8. The Rolling Stones: Gimme Shelter
While Gimme Shelter was originally meant to be about the Rolling Stones' 1969 American tour, there is usually only one concert on that tour people are ever really interested hearing about. When the Stones decided to throw a free concert at the Altamont Speedway, some 300,000 fans showed up and the Hell's Angels were hired to do security. The result would be one of the most infamous concerts in rock history.

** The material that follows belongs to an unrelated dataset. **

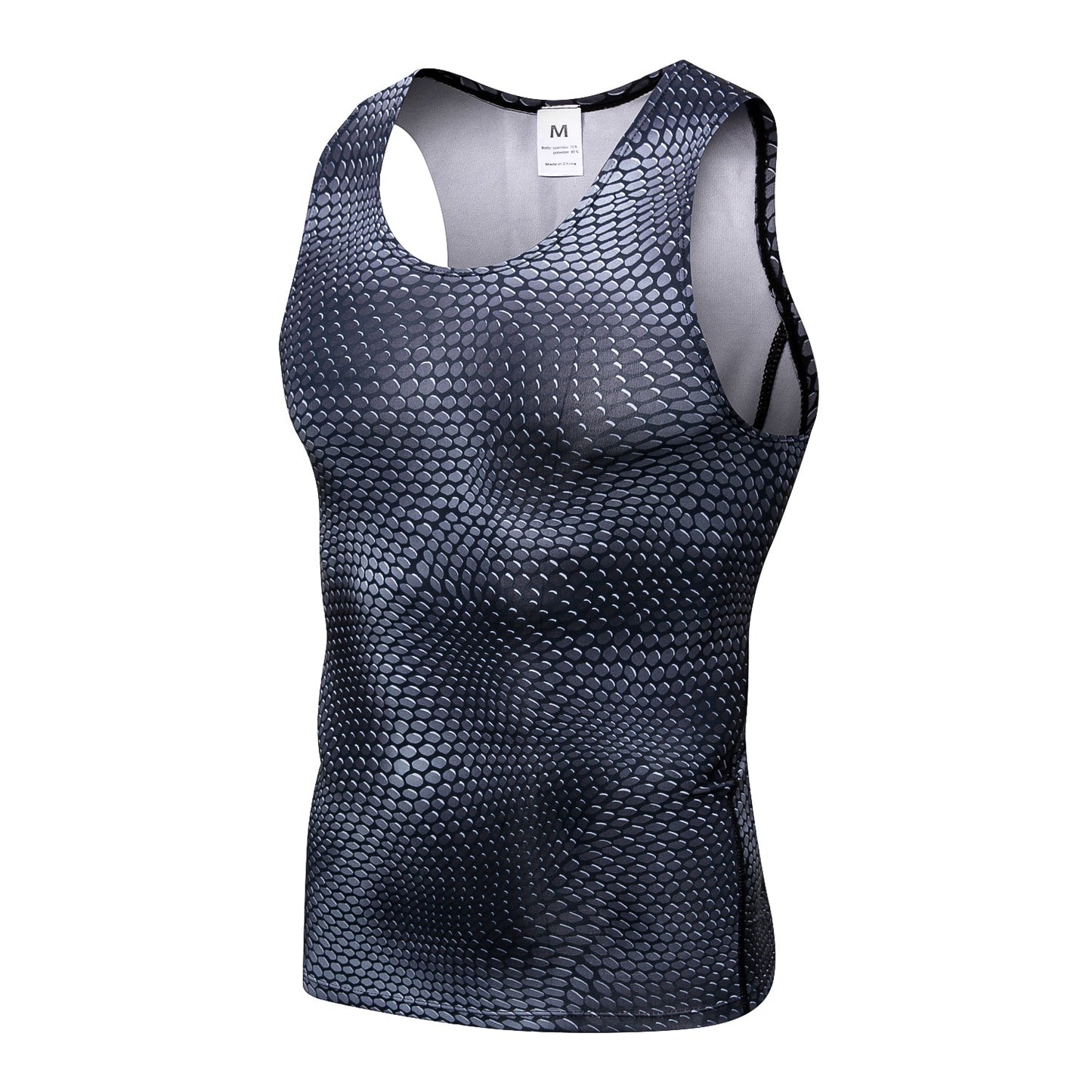 Men Cycing Base Layer Tank Quick Drying Compression Tops LANBAOSI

There's nothing easy about Amy, the heartbreaking documentary chronicling the tragically short life of Amy Winehouse. Told through a series of interviews and home videos, the film provides a startlingly intimate look into the life of a singer so many had written off by the time of her early death. This humanizing look at one of pop culture's most haunted singers will sear itself into your mind, and you won't view Amy Winehouse the same again.
6. The Decline of Western Civilization Part 2: The Metal Years
Perhaps the lasting legacy of the hair-metal era will not be the music, but the decadence and excess. Nowhere is this better documented than in this film, in particular, the scene where W.A.S.P. guitarist Chris Holmes is shown lying in a pool next to his mom, fully clothed and completely wasted, downing a whole bottle of vodka.
5. This Is Spinal Tap
Okay, sure, technically speaking this isn't a true documentary, since Spinal Tap isn't a real band. But while the film is intended as satire, it is also incredibly accurate. Everyone from Jimmy Page to Glenn Danzig have said that many of the events parodied in the film, such as getting lost in the backstage area at concerts, have all happened to them.
4. I Am Trying to Break Your Heart: A Film About Wilco
The story of Wilco's Yankee Hotel Foxtrot is almost too strange to be true. After finishing what is arguably their best album to date, their then-record-label Reprise refused to release the record for fear that it wouldn't sell. Eventually, Yankee Hotel Foxtrot would be released by another record label to both enormous critical and commercial success. An interesting subplot of the film includes the internal conflict between Wilco frontman Jeff Tweedy and former guitarist Jay Bennett.
3. The Devil and Daniel Johnston
Sometimes the most interesting musicians are just a little off. Case in point: singer-songwriter Daniel Johnston. Gaining a cult-like status in the '80s with homemade cassettes like Hi, How Are You, this film documents Johnston's struggle with his musical genius and mental illness.
2. Kurt Cobain About A Son
Of all of the films on this list, Kurt Cobain About a Son takes the most unusual approach to its subject. The film combines audio interviews of Cobain along with film of various locations where Cobain lived, but never actually shows the late Nirvana singer. The unique approach totally works, and the audio provides an intimate portrait of Cobain, making this a must-see for Nirvana fans.
1. Anvil: The Story of Anvil
If there is one thing people love, it's an underdog story. And there is no better underdog story than Anvil. The moderately successful metal band may not have been blessed with success, but they make up for it in optimism. And the best part is that their story has a happy ending. After the release of this film, the band scored a record deal, became overnight celebrities, and even had a few of their songs included in Guitar Hero.